## Task objective
Please reproduce each of the entries below exactly as they appear.

## Collection entries
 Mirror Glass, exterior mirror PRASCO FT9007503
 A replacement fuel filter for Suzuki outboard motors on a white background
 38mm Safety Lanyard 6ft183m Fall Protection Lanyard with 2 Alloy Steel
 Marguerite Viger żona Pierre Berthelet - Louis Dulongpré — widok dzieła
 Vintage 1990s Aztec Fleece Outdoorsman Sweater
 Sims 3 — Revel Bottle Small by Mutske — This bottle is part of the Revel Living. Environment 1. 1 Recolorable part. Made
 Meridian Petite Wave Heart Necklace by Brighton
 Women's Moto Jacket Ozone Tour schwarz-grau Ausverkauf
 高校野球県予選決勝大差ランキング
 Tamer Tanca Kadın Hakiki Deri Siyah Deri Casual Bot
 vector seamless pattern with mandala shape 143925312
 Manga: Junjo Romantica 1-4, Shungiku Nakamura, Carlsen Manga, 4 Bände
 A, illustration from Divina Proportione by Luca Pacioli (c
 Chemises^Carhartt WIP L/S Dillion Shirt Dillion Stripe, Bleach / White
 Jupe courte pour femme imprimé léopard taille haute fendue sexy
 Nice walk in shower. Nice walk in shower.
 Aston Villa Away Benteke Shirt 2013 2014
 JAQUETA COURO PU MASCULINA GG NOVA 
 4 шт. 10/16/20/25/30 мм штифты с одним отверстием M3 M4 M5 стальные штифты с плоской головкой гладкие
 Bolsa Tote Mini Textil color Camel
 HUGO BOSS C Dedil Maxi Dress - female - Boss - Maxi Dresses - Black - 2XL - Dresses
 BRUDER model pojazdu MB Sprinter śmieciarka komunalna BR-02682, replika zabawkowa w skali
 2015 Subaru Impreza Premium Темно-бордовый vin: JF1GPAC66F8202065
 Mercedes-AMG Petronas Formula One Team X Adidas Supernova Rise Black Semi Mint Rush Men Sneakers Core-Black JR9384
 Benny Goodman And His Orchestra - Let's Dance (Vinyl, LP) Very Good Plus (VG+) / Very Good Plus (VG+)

## Solution to the problem
 Mirror Glass, exterior mirror PRASCO FT9007503
 A replacement fuel filter for Suzuki outboard motors on a white background
 38mm Safety Lanyard 6ft183m Fall Protection Lanyard with 2 Alloy Steel
 Marguerite Viger żona Pierre Berthelet - Louis Dulongpré — widok dzieła
 Vintage 1990s Aztec Fleece Outdoorsman Sweater
 Sims 3 — Revel Bottle Small by Mutske — This bottle is part of the Revel Living. Environment 1. 1 Recolorable part. Made
 Meridian Petite Wave Heart Necklace by Brighton
 Women's Moto Jacket Ozone Tour schwarz-grau Ausverkauf
 高校野球県予選決勝大差ランキング
 Tamer Tanca Kadın Hakiki Deri Siyah Deri Casual Bot
 vector seamless pattern with mandala shape 143925312
 Manga: Junjo Romantica 1-4, Shungiku Nakamura, Carlsen Manga, 4 Bände
 A, illustration from Divina Proportione by Luca Pacioli (c
 Chemises^Carhartt WIP L/S Dillion Shirt Dillion Stripe, Bleach / White
 Jupe courte pour femme imprimé léopard taille haute fendue sexy
 Nice walk in shower. Nice walk in shower.
 Aston Villa Away Benteke Shirt 2013 2014
 JAQUETA COURO PU MASCULINA GG NOVA 
 4 шт. 10/16/20/25/30 мм штифты с одним отверстием M3 M4 M5 стальные штифты с плоской головкой гладкие
 Bolsa Tote Mini Textil color Camel
 HUGO BOSS C Dedil Maxi Dress - female - Boss - Maxi Dresses - Black - 2XL - Dresses
 BRUDER model pojazdu MB Sprinter śmieciarka komunalna BR-02682, replika zabawkowa w skali
 2015 Subaru Impreza Premium Темно-бордовый vin: JF1GPAC66F8202065
 Mercedes-AMG Petronas Formula One Team X Adidas Supernova Rise Black Semi Mint Rush Men Sneakers Core-Black JR9384
 Benny Goodman And His Orchestra - Let's Dance (Vinyl, LP) Very Good Plus (VG+) / Very Good Plus (VG+)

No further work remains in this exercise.